What the task requires:
Exclude the pictures. Transcribe exactly, and only, the lines from the one holding "LudwigLacke Warndreieck für" to the end of the material below.

Given information:
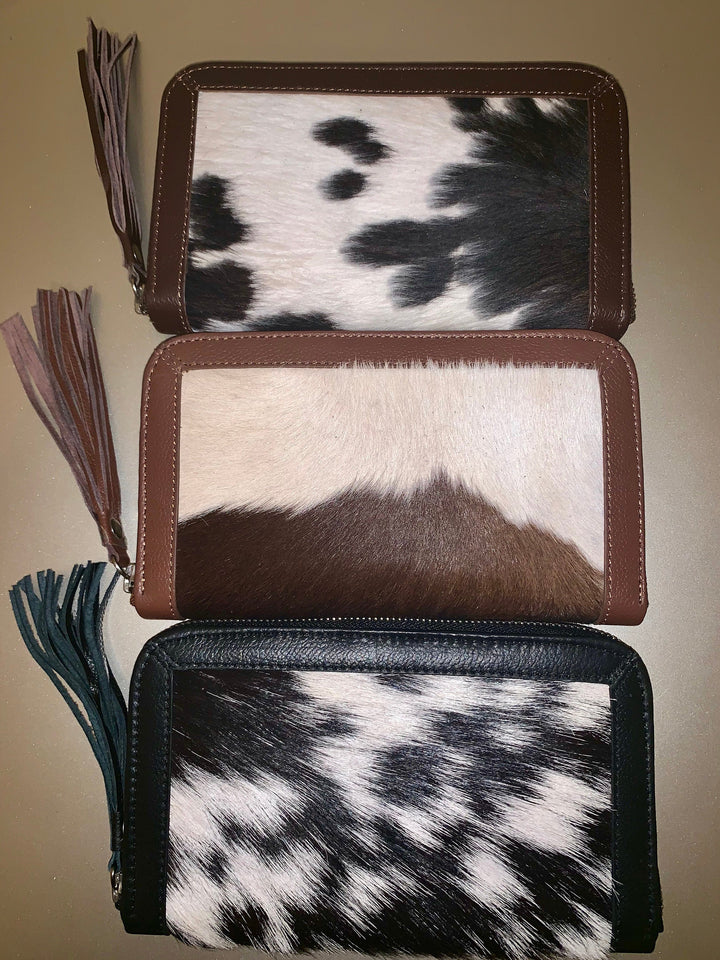 Double Sided Cowhide Leather Clutch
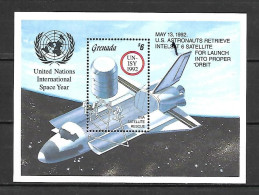 Grenada 1992 Space -  International Space Year MS MNH - Amérique Du Nord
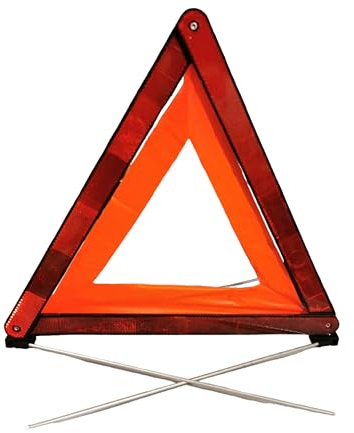 LudwigLacke Warndreieck für Fahrzeuge, Zwei-Wege-Warndreieck, für Autos, LKW, Busse, Motorräder, Quads, Schneemobile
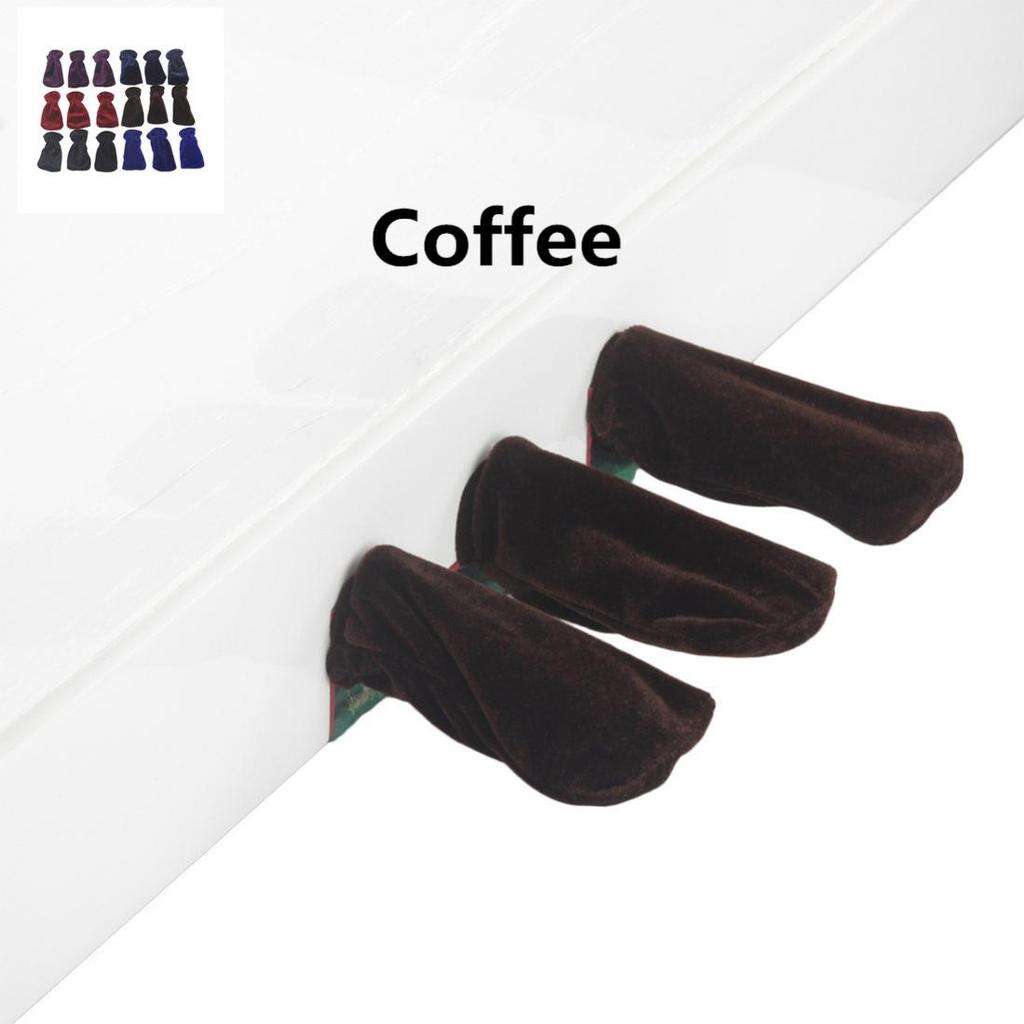 3 STÜCKE Anti-staub Erweiterte Goldene Samt Fußpedal Abdeckungen für Klavier Immer Verwendet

Completed exercise:
 LudwigLacke Warndreieck für Fahrzeuge, Zwei-Wege-Warndreieck, für Autos, LKW, Busse, Motorräder, Quads, Schneemobile
 3 STÜCKE Anti-staub Erweiterte Goldene Samt Fußpedal Abdeckungen für Klavier Immer Verwendet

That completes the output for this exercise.